Assignment
Retype exactly what appears below from the line containing "Photo 2 from" down to the line containing "Primary Photo - 110 Birch Rd", keeping both end lines. Do not include pictures.

Data records
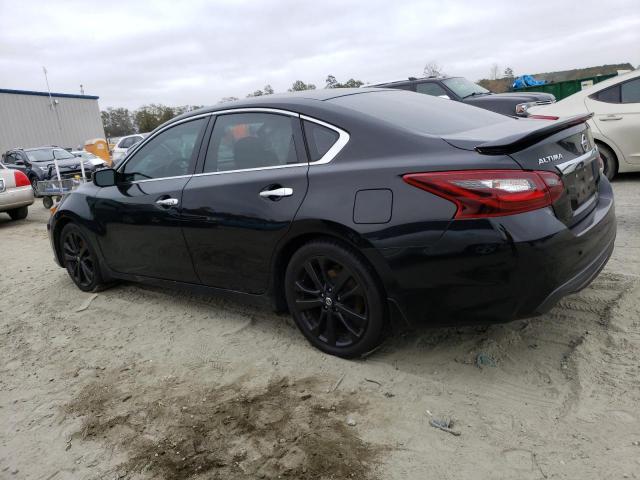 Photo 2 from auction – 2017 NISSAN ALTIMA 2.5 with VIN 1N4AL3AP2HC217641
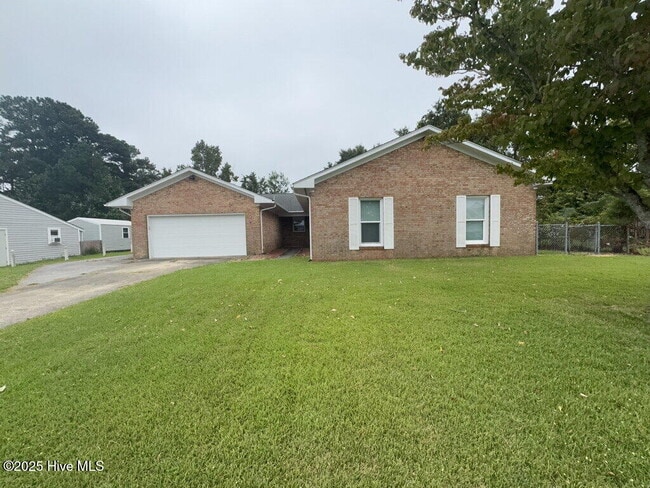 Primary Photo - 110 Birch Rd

---

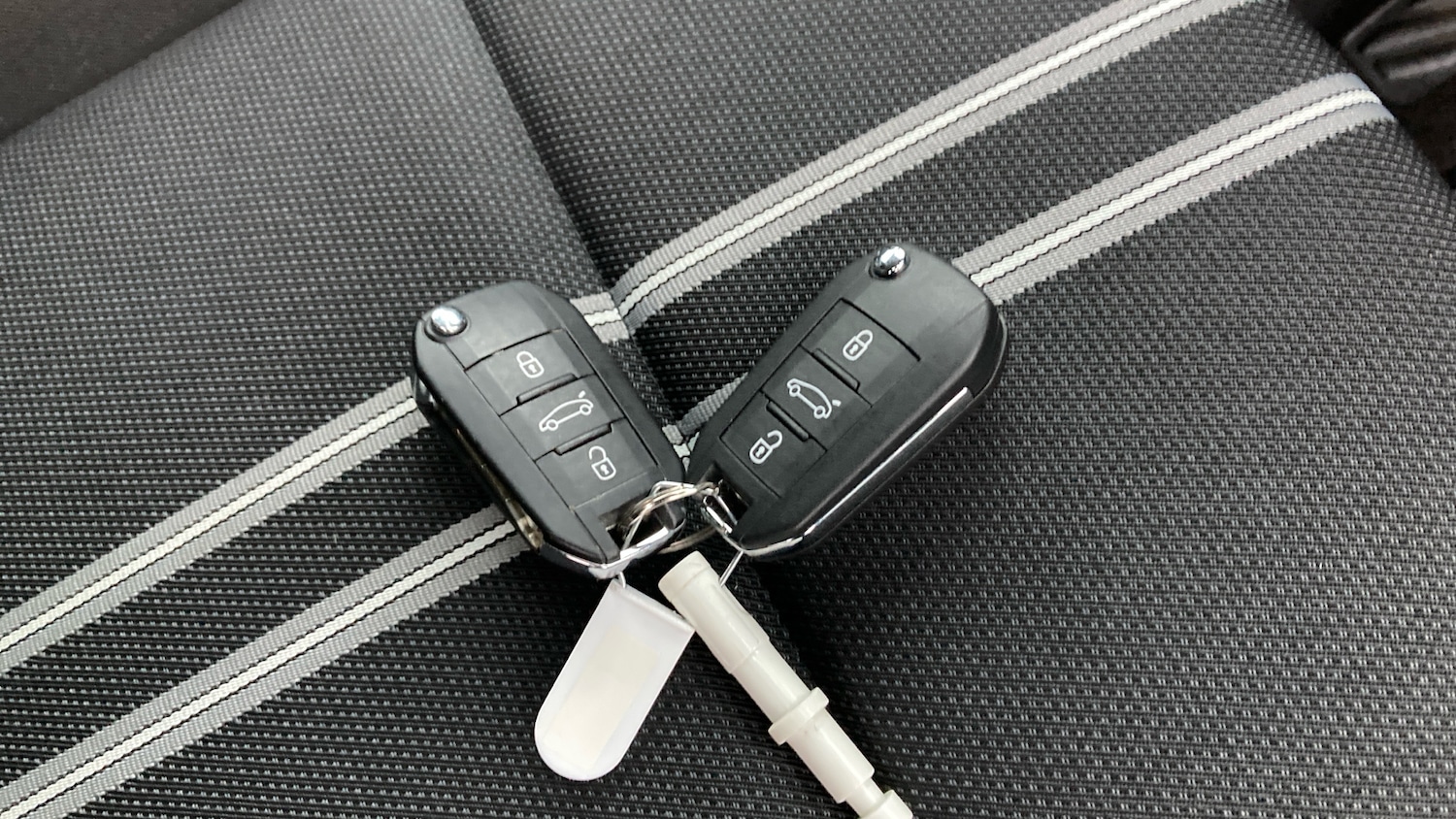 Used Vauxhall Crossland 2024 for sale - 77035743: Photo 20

Solution
 Photo 2 from auction – 2017 NISSAN ALTIMA 2.5 with VIN 1N4AL3AP2HC217641
 Primary Photo - 110 Birch Rd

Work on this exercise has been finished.